Stellaris - 4X/Grand Strategy Hybrid from Paradox

It’s these emergent narrative threads that games like this produce that make them so frigging awesome!

Well, despite the mixed reviews I’ve gone ahead and bought it. I forgot that I’ve had 40 dollars worth of Steam gift cards in a drawer for quite a while and, well, that’s exactly how much the game costs. Kismet! I’m sure the AI stuff will be addressed soon enough.

They’ve released the first hot fix–for crashes and stuttering. They say second hot fix is coming soon. First patch that’ll make game play changes will still be a while.

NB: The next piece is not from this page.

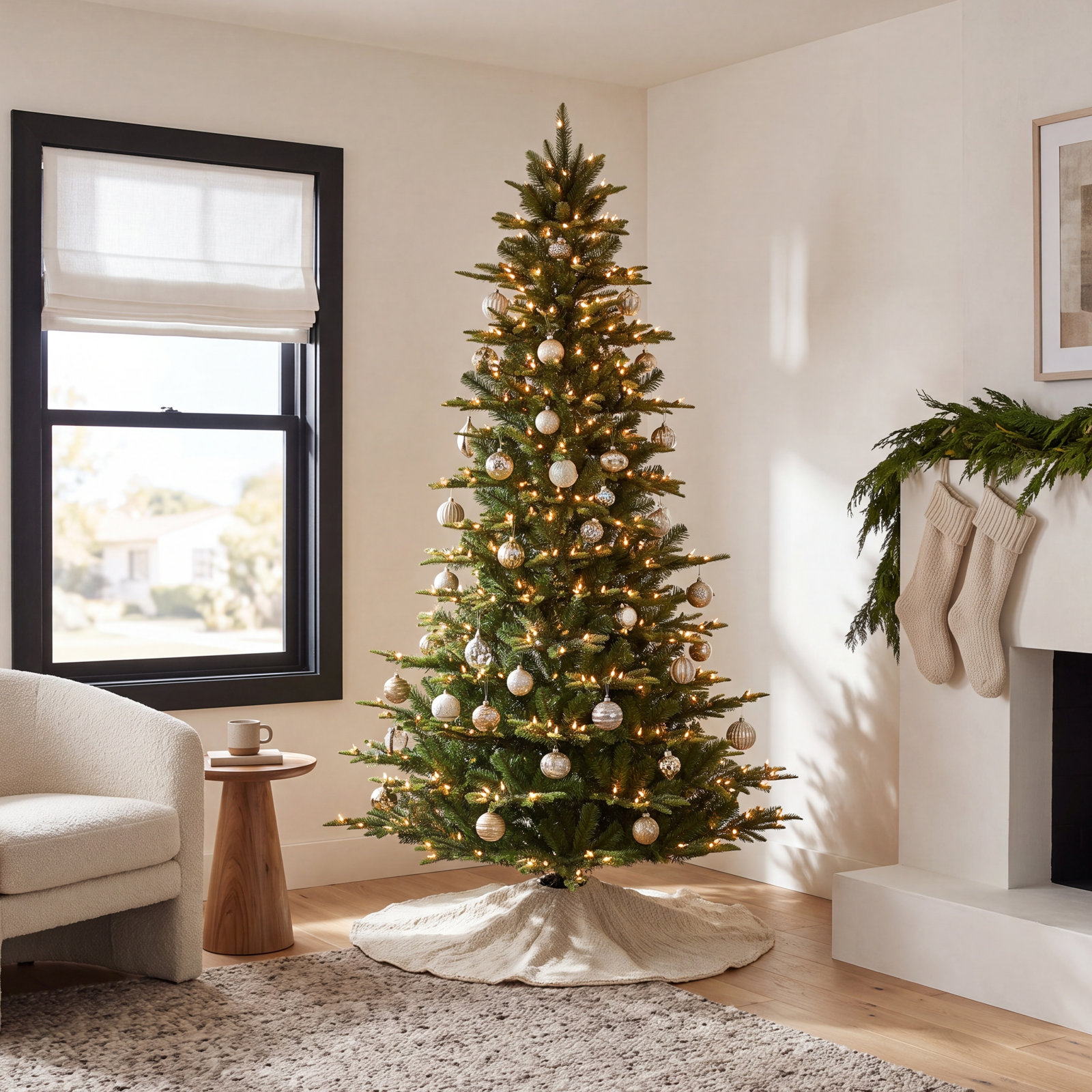 Lighted Artificial Fir Christmas Tree, 6.5'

I’ve already made a home brew mod to change number of core planets and sectors. Stuff like that is in the common\defines.lua file and trivially easy to mod.

After a relative stalemate with the Condign Pact, I decided to accept a slightly-better-than-white peace. While the Vool Nation and the Sek-Lokkar League to my north were the heavy hitters of the Pact nations, the weaker Imari Administration to my west had forced me to fight on two fronts. I thought I had gotten the upper hand against the Imari at least, with a medium-ish sized fleet harassing their two planets. Then a large Vool fleet warped in. Rather than lose my western fleet, I decided to accept their peace offer: The Vool would cede a single planet to me (I had demanded three). I purged it out of spite.

What followed was a stretch of quite a few years of peace and prosperity. I established a few colonies to my north, east of Vool space. My scientists made many new discoveries, mostly civilian technologies. I build a lot of power plants and mines, and upgraded as many as I could to level III. I even scraped together enough energy to initiate a couple of terraforming projects. The formerly arctic world of Siberia is now an ocean planet. Protip: Pops get really mad during terraforming. A bunch them even wanted to secede. Ingrates. My second terraforming project is underway on the similarly arctic planet of Fulaz III. Only some stone age primitives live there, and nobody cares what they think. I chose the planet because it’s along my southern border; a colony there will allow be to expand southward without burning influence on a frontier outpost.

While my military technology didn’t really advance, my infrastructure did. I have four or five shipyards that can build cruisers, and they haven’t exactly been idle. After I sent a fleet to clear out the space crystals and whatnot to my north, I had them stomp a one-planet empire of dickhead sea birds. I was going to pick a fight with the larger (but friendless) Hiffnar Republic to my southeast, but I made a misstep by consolidating all of my ships into a single fleet before upgrading them. That little refit took over two and a half years. I stuck it out, even though my ceasefire with the Condign expired a couple of months before the upgrade was done.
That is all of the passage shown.